◆ Exercise instructions
Your answer must restate each entry below word for word, with no pictures in it.
Data supplied below:
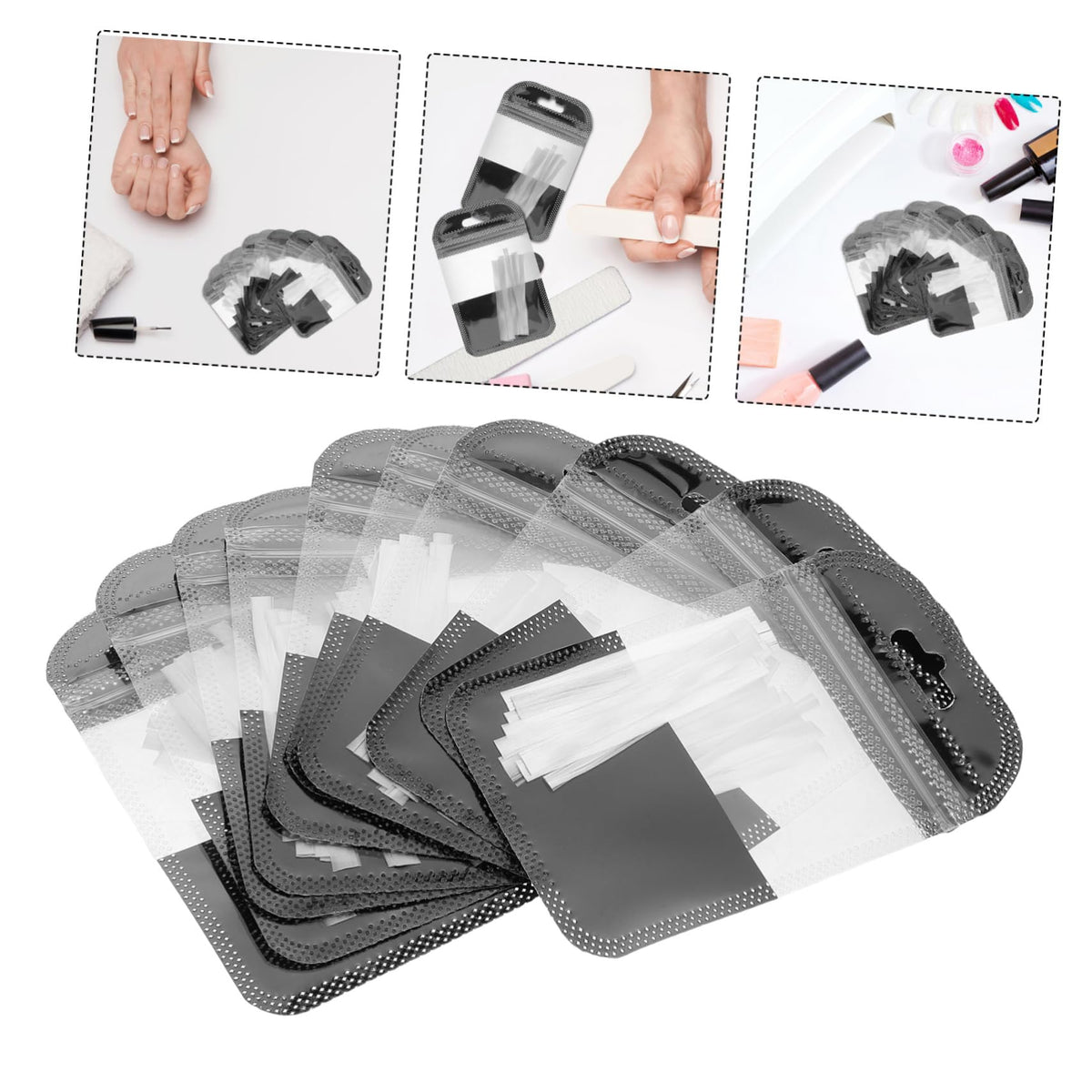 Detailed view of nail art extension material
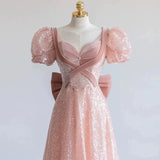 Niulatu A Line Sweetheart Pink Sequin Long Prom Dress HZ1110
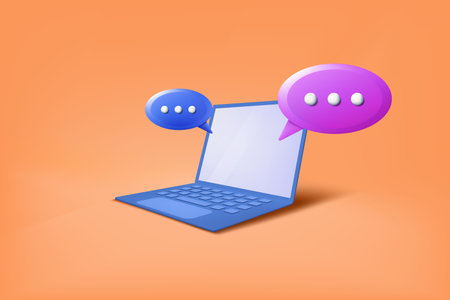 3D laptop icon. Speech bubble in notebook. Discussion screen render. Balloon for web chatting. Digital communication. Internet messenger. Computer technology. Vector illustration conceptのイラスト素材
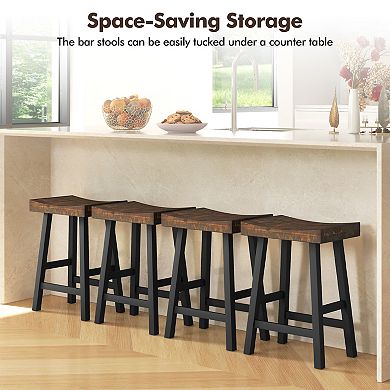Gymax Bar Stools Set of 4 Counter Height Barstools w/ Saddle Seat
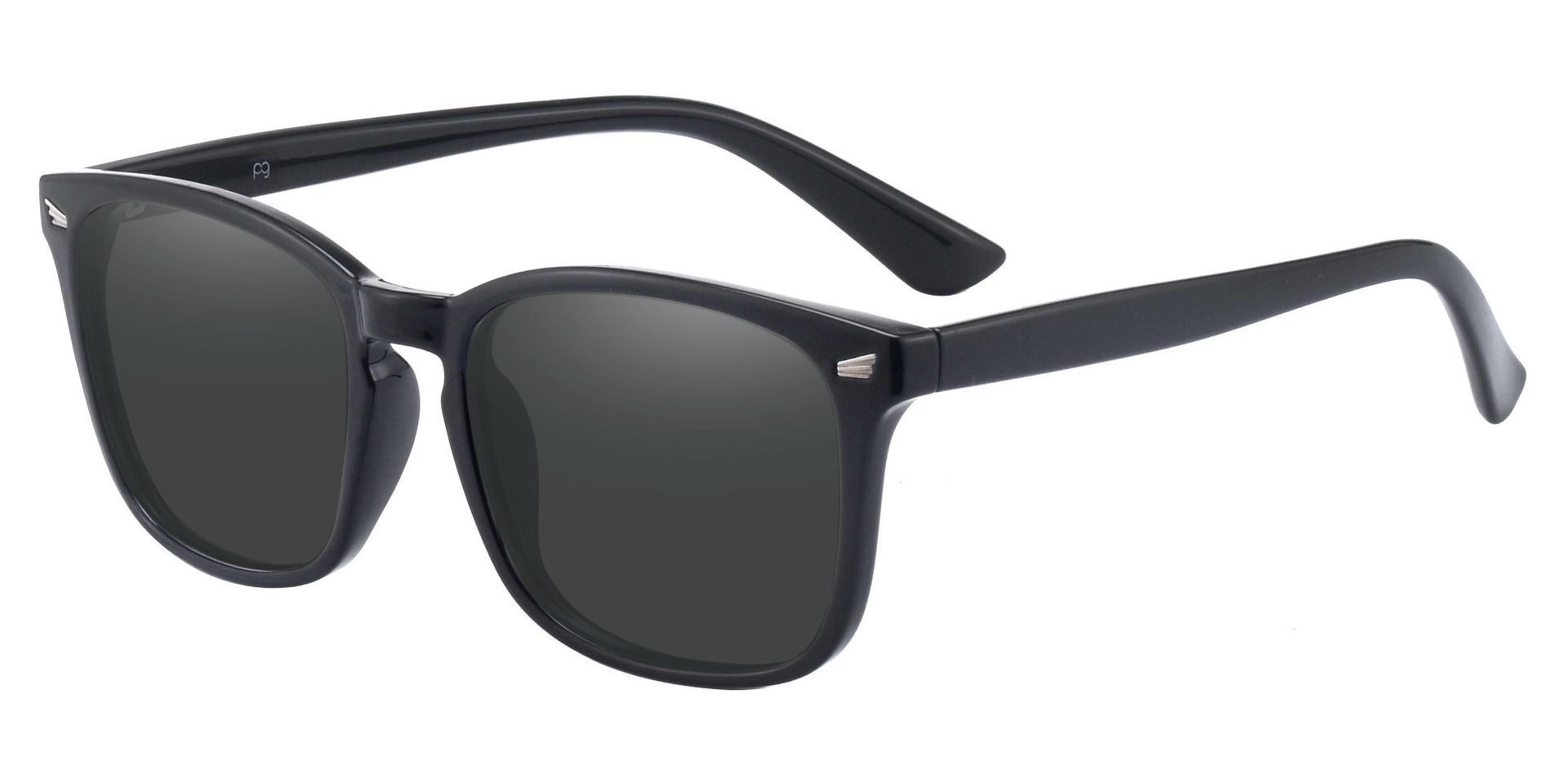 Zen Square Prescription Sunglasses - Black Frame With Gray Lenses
End of Data supplied.
◆ Answer section
 Detailed view of nail art extension material
 Niulatu A Line Sweetheart Pink Sequin Long Prom Dress HZ1110
 3D laptop icon. Speech bubble in notebook. Discussion screen render. Balloon for web chatting. Digital communication. Internet messenger. Computer technology. Vector illustration conceptのイラスト素材
Gymax Bar Stools Set of 4 Counter Height Barstools w/ Saddle Seat
 Zen Square Prescription Sunglasses - Black Frame With Gray Lenses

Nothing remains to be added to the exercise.